I haven't notice a huge weight loss in the IGs. Blaise has thinned a little, you can barely see a couple backbones and the very tip of his hip bones which is good. Scotty doesn't look like he's lost any weight, I'll know for sure when I can get them to a scale. Dal, on the other hand, has lost weight but I guess that could be attributed to his age. I've tried offering 2 meals but none of them want to eat during the day, mostly due to the heat although it hasn't been bad, only hit the 100s twice so far which is really good. But I give small portions at a time and that seems to help.


----------



## magicre (Apr 7, 2010)

Celt said:


> The pups aren't really pups. Blaise is going to be 3 at the end of July and Scotty will be 2 a day after Blaise. Both of them have good teeth and it's the breed's trouble with teeth that I decided to go raw. The Old Man is an almost 18yr old Golden Retriever. The vet says that for his age he's in good shape. He use to eat chicken leg quarters no problem, then I had to cut them in "half", then I cut the meat off and then give him the bones which he may or may not eat, now he gets the meat from the quarters and a chicken neck (2 if he'll eat them). They've been sorta on raw since March. They were getting cooked meat with kibble along with the raw chicken, at different times. They've never had premade raw. It wasn't long before the Old Man stopped eating the kibble and would only eat meat. I've been feeding pork spareribs for the last 2 weeks. All of them prefer "cooked" meat over raw <sigh> even now I have to "sear" the meat to get them to eat it. I can't tough love Blaise because he's hypoglecmic, and I won't do it with the Old Man because of his age which leaves me feeling horrible about trying it with Scotty. I'm at a loss. I know that I can't go back to kibble/can because none of them will touch it now, and I'm not sure if I could do the cooked meal right. It sounds pretty complicated. They are eating if the meat's seared a little. It's just not very much. On a really good day, Dal (the Old Man) might eat 16 oz (which is just barely 2% of his weight), Blaise (the best eater) may eat 3 oz (which is his 2%), and Scotty might eat 2 oz (which is only half of his 2% amount).But on the calculator page, 2% is for losing weight which Dal and Scotty do not need, Blaise could stand to lose about a lb/lb and a half. Sorry to be such a bother.
> I haven't fed the Pet Botanics since I've started with feeding real meats.



first off, you're NOT being a bother...many of us go through things and that's what this forum is for....to help.

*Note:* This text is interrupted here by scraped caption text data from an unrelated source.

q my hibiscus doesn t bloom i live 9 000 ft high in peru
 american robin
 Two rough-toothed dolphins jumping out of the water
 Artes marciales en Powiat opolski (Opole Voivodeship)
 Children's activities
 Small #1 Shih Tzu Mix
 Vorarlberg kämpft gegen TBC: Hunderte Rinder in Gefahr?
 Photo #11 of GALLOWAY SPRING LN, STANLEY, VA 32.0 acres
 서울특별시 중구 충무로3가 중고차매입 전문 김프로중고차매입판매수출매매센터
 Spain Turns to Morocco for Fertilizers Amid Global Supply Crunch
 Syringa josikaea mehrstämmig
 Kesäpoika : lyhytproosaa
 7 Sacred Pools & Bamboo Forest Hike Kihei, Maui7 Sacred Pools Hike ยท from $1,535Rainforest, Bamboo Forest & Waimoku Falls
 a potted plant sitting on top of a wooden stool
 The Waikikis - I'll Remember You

at eighteen, i think the old man should eat whatever he wants.... 

let me ask you:

would it make the dogs and your life better if you just cooked for them?

it's not a bad thing, honest.....ask yourself that and if the answer is 

whew, i'd feel SO MUCH BETTER and the DARNED dogs would eat....then let's get a home cooked diet together....

i used to cook for my dogs before my dogs went raw....but i never had the problems you're having.....they took to raw immediately...and whilst i have an older dog, she certainly isn't 18..which is like a doggie miracle...

meal time shouldn't have to be a chore and a frustration...

if cook works better for you and the dogs, then let's do cooked. 

cause i'm reading what you're saying and i want a drink.


----------



## JayJayisme (Aug 2, 2009)

magicre said:


> if we look at the ingredients in pet botanicals meat rolls:
> 
> Ingredients:
> Beef Hearts, Beef Kidneys, Beef Lungs, Whole Wheat Flour, Brown Rice, Wheat Bran, Beef Fat (preserved with Mixed Tocopherols and Citric Acid), Sucrose, Flaxseed Meal, Calcium Carbonate, Sodium Chloride, Modified Food Starch, Sodium Phosphates, Water, Brewer's Yeast, Dried Kelp Meal, Lecithin, Natural Smoke Flavor, Sorbic Acid, Glycerin, Rosemary Extract, Canola Oil, Choline Chloride Supplement, Ferrous Sulfate, Riboflaven Supplement, Vitamin B-12 Supplement, Vitamin A Acetate, Folic Acid Supplement, D-Calcium Pantothenate, Thiamine Mononitrate, D-Biotin Supplement, Pyridoxine Hydrochloride, Potassium Iodide, D-Activated Animal Sterols (Source of Vitamin D3) Biotin, Sodium Nitrate (for color), Sodium Selenite.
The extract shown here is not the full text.